Q&A: A Problem
A Problem
Question
Hello Rabbi,
It’s well known as a joke that a person who fills out a lottery ticket shouldn’t cross the street, because statistically his chance of being hit in a traffic accident is higher than his chance of winning, and if he buys a lottery ticket on that basis then he should be worried about that too.
My question is: is it actually rational to buy a lottery ticket and to cross the street?
Answer
Obviously. It’s not really a very good joke, but as a claim about reality it is certainly nonsense. A person weighs alternatives against one another. Suppose the chance of winning the lottery is X (tiny), and the chance of being harmed while crossing the street is also X. But buying the ticket comes with a chance of winning a very large amount of money, and with the hope of winning.
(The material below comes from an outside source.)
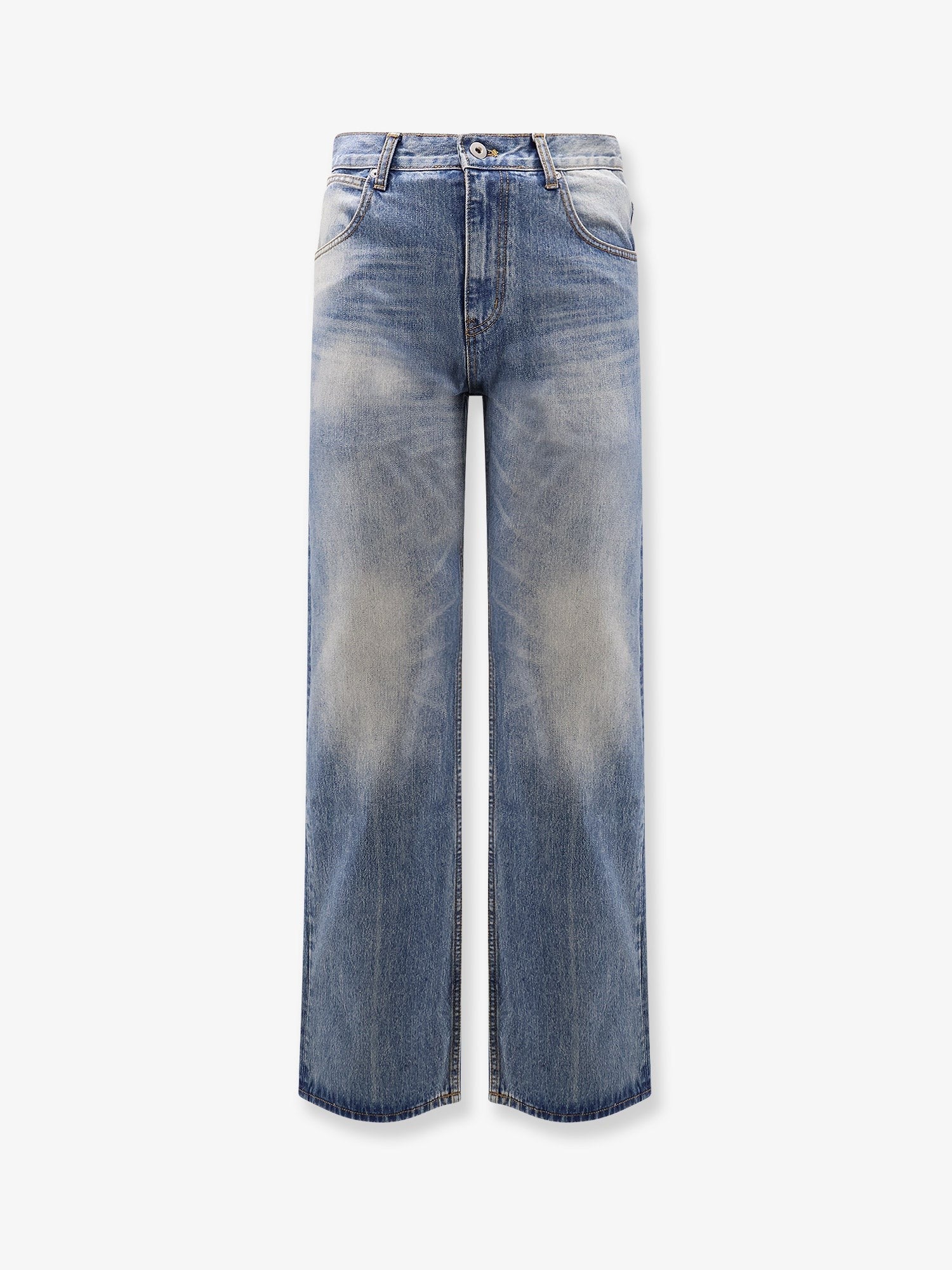 Tonywack Unisex Flared Leg Unisex Jeans Blue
Therefore I am willing to pay in order to have a chance to win. By contrast, when crossing the street, the alternative is not to cross streets at all—to live inside my house without moving. That is definitely worth the small risk to my life. What is inconsistent about that? Concern about a small probability depends on what stands against it.
See the beginning of Column 197, which I only just wrote, and the references there.
Discussion on Answer
Yosiphon
Think of it this way: what Rabbi Michi answered you is very similar to David Hume’s argument, and I don’t remember its formal wording. But his decisive blow against miracles was—as Rabbi Michi elaborated in his book Truth and Unstable—that one must compare the testimony-claim against its alternative. Indeed, it is not likely that testimony about a miracle that occurred in front of thousands of people is simply made up—but what is more likely? That such an event, which breaks all our understanding of reality and has no parallel at all in everyday life, really happened? Or that someone simply invented it through some distortion in the processes by which the story was transmitted, or something of that sort? Of course, the invention is far more plausible. (It follows that one who chooses not to doubt the revelation at Mount Sinai is like someone who remains shut up in his house and doesn’t cross the street lest he be run over. But someone who chooses not to believe in it at all is not open to the opportunity to win the lottery of his life: the possibility that the word of God is indeed accessible to us in some way…)
If a person likes risk (he gambles on the lottery), how is that supposed to lead him to avoid risk (crossing the street)?